# Problem definition
The basic problem we are trying to solve is called **semantic image segmentation**. Depending on the context it can also be called *land-cover classfication* or *pixel labelling*.
Normal image segmentation involves grouping pixels that belong to the same object. The word semantic in *semantic segmentation* is making sense of what the segmentations mean and basically classifying the pixels into known classes. For example distinguishing the foreground from the background in a photograp as in the example below.

The following is taken from *Marmanis et al., 20.17*.
> Semantic segmentation in urban areas poses the additional challenge that many man-made object categories are composed of a large number of different materials, and that objects in cities (such as buildings or trees) are small and interact with each other through occlusions, cast shadows, inter-reflections, etc"
I find this interesting because the problem that we face is the same nature. Our goal is to detect drains in the images, but in the RGB images we might see shadows and vegetation and in a way the drains might look very different in one image or the next.
# The technology
## Convolutional neural nets
The main building block here is a [convolutional neural net][1] (CNN). This is a type of neural net that naturally processes images.
A convolutional layer takes as input an array (image) and computes the convolution with a kernel, a smaller matrix containing weights. The convolution operation is computed by sliding a window on the original array and taking the dot product between the image and the kernel.
The weights in ther kernel are parameters to be learned. Thus this process can be though of a learning different filters with different features, and the convolution tests whether the extend to which the features are present in different parts of the image.
Because this still leads to some localisation, CNNs include *pooling* layers which also work with a sliding window that takes the average or the maximum in the part of the matrix being viewed. When combined with the convolution layers, CNNs should be translationally invariant meaning that they detect features irrespective of their position in the image. Pooling layers are specified as opposed to learned.
Compared to fully connected NNs, the CNNs have fewere weights: only the kernel needs to be learned and the biases (the +b term in an affine function) resulting in much faster training.
Common activation functions that are used are:
- Sigmoid: $(1 + e^{-x})^{-1}$.
- ReLU: $\max(0,x)$
From what I could understand, ReLU is preferred because it leads to faster training.
## Extensions for image segmentation
CNNs were originally designed to classify whole images (is this the photo of a whorse, a motorcycle, an elephant, a flower? choose the most likely) or to detect objects in whole images (does this image contain x, yes or no). The convolution step basically summarises a patch with many pixels in the image.
However, this is not what we need for image segmentation. In this case we need to assign a label to each pixel, not to the image as a whole.
An extension for image segmentation is a **Fully convolutional network** (FCN). Another approached that seems to be less used is to add a deconvolution layers which up-size the learned representations. Here we focus on FCN.
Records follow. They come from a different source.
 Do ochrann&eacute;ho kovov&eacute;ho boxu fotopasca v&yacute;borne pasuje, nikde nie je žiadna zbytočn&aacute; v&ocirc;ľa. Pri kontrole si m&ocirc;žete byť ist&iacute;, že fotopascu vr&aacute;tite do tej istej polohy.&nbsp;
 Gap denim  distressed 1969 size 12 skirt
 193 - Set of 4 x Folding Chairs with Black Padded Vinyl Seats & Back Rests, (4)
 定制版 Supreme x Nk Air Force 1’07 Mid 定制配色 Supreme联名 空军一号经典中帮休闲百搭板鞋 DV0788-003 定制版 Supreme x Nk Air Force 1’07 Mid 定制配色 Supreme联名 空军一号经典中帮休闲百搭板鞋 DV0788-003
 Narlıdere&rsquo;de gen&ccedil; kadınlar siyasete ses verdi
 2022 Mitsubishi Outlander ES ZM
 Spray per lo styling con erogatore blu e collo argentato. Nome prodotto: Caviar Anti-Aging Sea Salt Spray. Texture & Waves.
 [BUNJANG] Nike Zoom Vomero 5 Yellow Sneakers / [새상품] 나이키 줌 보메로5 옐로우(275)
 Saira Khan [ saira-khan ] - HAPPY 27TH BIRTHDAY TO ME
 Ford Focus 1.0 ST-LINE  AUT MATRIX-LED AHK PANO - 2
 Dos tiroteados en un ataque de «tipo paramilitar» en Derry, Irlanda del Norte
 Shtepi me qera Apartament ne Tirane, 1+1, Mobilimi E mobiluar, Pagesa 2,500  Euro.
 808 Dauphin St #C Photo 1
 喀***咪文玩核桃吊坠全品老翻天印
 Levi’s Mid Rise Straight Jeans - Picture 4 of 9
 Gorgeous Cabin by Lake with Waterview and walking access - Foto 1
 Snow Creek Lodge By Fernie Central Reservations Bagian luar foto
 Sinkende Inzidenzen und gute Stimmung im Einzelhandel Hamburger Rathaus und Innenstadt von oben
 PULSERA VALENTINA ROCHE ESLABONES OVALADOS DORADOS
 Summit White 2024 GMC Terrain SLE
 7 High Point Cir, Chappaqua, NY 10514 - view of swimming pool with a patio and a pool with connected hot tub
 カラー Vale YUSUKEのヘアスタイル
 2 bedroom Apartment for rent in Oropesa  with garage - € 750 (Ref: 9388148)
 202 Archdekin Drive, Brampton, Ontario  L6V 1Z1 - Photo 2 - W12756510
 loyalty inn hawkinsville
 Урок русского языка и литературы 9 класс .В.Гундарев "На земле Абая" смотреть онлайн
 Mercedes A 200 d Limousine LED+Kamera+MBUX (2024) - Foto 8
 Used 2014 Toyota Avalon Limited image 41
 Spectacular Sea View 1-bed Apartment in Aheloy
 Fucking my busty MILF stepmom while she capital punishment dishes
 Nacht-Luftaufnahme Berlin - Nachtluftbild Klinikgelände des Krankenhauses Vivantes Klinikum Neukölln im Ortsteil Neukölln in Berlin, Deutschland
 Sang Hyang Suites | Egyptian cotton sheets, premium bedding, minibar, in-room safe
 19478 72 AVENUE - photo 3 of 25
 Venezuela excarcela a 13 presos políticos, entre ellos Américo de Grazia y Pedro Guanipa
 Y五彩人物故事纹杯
An FCN basically adds a new layer for pixewise prediction at the end of a CNN. To be honest, I don't fully understand how they do this. Normally the last layers of a CNN are dense but this can be reinterpreted as convolutional layers. Citing the authors of the original paper here, *Shelhamer et al., 2017*,
> Fully connected layers can also be viewed as convolutions with kernels that cover their entire input regions. Doing so casts these nets into fully convolutional networks that take input of any size and make spatial output maps.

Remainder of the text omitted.